Cannes face-to-face meeting resolutions
- Continuity / Discontinuity: postponed, but keep it mind
- Spatial Fragment shape: rectangle for now
- Container and substreams: postpone decision, but certainly create syntax that is extensible to incorporate this at a later time
- In-context / Out-of-context: we want to make sure that fragment is aware of "full" resource
Continuity / Discontinuity
- Should we address non-temporally connected sequences of a video?
- Use Case 1: a video content contains an interview, edited in two parts cut by some advertisements. One would like to address in a single media fragment the two parts which are not temporally connected
- Use Case 2: see the Media PlayList UC
- Multi-fragment URIs: Silvia points out that the temporalURI specification can take multiple parts together, but creates a new resource.
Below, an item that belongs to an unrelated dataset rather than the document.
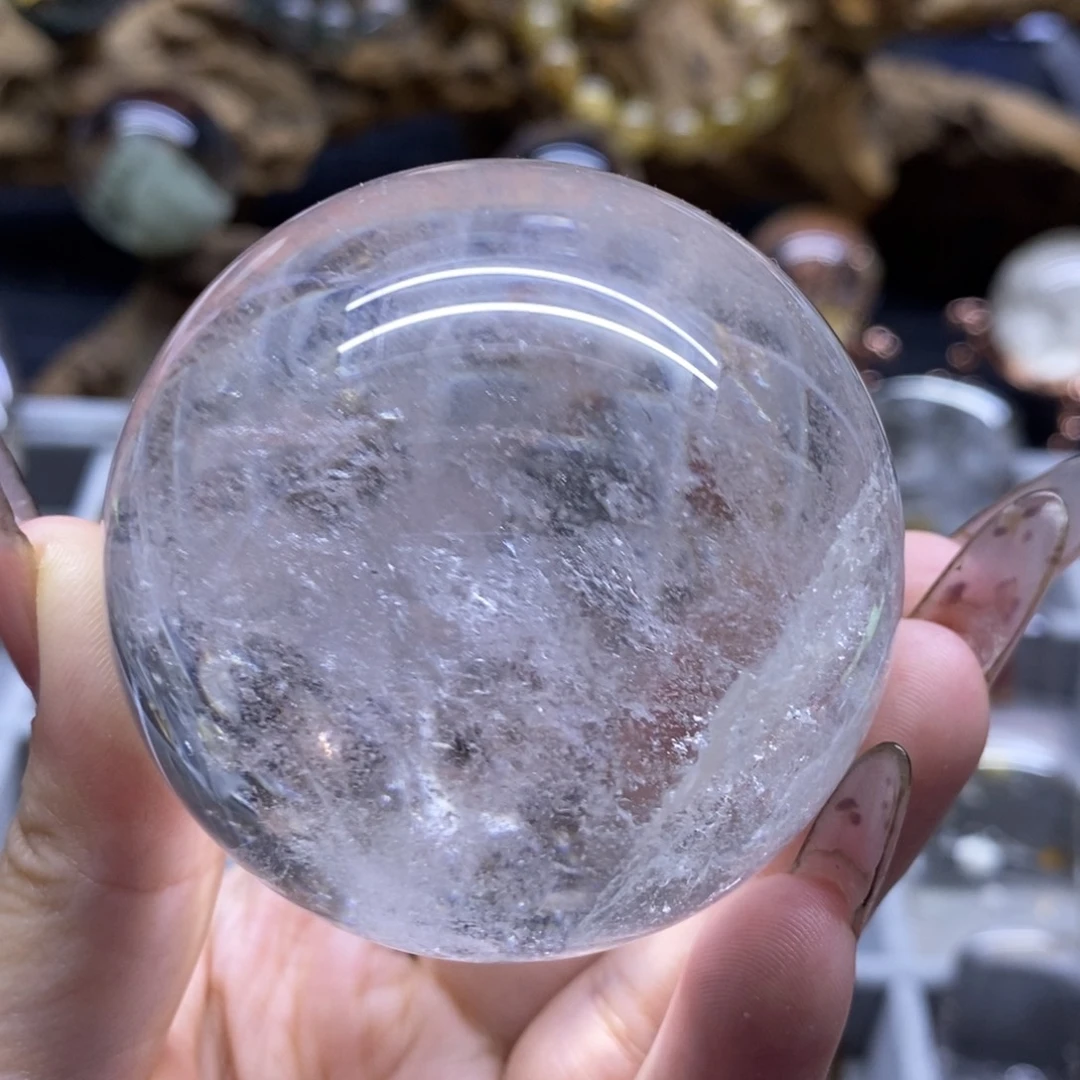 水晶珠宝半成品未镶嵌球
See also the related discussion regarding the status of a media fragment discussion.
- The question boils to: can a multi-fragment URI be implemented as a playlist? is it the same thing?
- See also the xspf playlist format
- Should we address non-spatially connected regions of an image?
Spatial Fragment shape
- Do we want simple bounding box rectangle shape or arbitrary free shapes (e.g. the shape of a tiger in a still image) for a spatial media fragment?
- Image Maps allows defining rectangular (rect), circular (circle) and polygonal (poly) regions
- Spatial references is really tricky to resolve efficiently. Most of our discussion have already identified the support for spatial references in compressed domains of jpeg etc is technically almost impossible, and to optimize transfer in such cases the object needs to be recoded which creates another object with it's own representation. Should we specify a different semantics for spatial media fragment? For example, when a UA request a spatial fragment, it will receive the whole picture but might decide to highlight the region specified by the fragment. Should we consider an automatic transformation between spatial fragment and image map?
Container and substreams
- http://lists.w3.org/Archives/Public/public-media-fragment/2008Oct/0010.html: We are working towards a format-independent URI-based fragment identifier mechanism, but what do we mean coding formats, container formats, or both?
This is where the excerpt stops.